When ORC moved out of Hive, it didn’t bring the ACID work along. I’d like
to start working to remedy that. I wanted to give an outline of how I am
thinking of approaching it.
In general, I plan to focus on supporting the new split update (aka ACID
2.0) layout, where delta files contain either all inserts or all deletes
(updates are accomplished by putting in a delete and an insert). This is
what Hive supports in its trunk (but not in Hive 1 or 2).
I also plan to follow the ORC pattern of focusing on vectorized row batches
first, and then building the row by row readers and writers as shims on top
1) Build a version of RecordReader that can handle ACID files. This would
be roughly analogous to Hive’s VectorizedOrcAcidRowBatchReader.
2) I haven’t looked into the details here yet, but I assume I will need
some changes on the Writer side as well to handle writing out base versus
delta files as well as insert versus delete delta files.

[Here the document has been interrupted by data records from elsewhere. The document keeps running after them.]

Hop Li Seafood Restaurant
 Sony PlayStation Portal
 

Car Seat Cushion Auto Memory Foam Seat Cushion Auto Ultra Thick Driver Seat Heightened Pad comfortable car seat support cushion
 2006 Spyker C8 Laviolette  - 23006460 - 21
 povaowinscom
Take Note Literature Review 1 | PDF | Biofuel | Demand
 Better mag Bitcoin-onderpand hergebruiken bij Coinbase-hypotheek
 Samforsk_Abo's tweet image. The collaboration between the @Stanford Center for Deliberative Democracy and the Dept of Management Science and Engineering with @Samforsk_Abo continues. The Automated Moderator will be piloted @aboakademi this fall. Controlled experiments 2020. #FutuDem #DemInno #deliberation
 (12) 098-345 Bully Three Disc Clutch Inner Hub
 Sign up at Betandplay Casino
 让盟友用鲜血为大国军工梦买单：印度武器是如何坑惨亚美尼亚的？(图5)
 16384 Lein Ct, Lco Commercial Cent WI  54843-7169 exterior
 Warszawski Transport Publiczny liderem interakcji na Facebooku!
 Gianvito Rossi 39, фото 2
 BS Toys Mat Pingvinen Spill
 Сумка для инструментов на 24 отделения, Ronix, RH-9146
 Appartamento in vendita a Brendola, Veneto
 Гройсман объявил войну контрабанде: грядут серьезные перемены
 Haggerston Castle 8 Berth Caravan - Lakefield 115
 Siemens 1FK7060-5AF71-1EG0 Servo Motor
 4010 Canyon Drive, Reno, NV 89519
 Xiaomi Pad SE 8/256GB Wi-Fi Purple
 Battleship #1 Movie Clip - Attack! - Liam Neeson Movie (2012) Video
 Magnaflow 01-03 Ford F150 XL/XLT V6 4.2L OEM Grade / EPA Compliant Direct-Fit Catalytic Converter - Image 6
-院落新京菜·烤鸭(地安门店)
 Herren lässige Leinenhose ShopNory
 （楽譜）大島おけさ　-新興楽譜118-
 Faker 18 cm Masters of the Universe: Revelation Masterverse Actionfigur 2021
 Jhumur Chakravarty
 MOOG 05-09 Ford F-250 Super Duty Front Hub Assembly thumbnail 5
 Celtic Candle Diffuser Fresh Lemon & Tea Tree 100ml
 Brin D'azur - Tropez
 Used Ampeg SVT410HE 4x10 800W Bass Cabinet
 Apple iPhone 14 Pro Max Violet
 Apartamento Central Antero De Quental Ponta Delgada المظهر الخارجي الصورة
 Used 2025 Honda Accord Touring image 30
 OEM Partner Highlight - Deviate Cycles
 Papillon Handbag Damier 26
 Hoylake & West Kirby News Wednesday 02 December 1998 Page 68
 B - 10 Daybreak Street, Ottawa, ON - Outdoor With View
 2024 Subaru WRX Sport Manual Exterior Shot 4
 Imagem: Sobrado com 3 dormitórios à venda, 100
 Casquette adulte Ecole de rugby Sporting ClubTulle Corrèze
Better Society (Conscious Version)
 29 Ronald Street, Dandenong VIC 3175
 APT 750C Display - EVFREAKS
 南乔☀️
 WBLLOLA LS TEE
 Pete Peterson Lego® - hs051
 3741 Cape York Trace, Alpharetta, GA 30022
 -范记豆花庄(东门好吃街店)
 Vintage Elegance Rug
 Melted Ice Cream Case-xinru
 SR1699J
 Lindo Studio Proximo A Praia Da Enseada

3) Put the shims in place to support ORC equivalents to Hive’s
AcidInputFormat and AcidOutputFormat.
4) Change Hive to use the code now in ORC rather than duplicating this code
Should I do this in master or in a branch? In general I prefer to work in
master when possible. But I see a couple of reasons to branch:
1) This will require changes in Hive, some that aren’t released yet. For
example, this will depend on moving ValidTxnList to storage-api (which I
plan to do anyway, but haven’t yet). It would be convenient to be able to
depend on SNAPSHOT versions of storage-api rather than forcing a bunch of
releases. But I don’t want to do that in master because it can make it
hard for people to build and it makes releases impossible.
2) This is going to take a while and I suspect ORC will want to release
multiple times before it’s done. I’m not sure we want have half baked
features in the releases.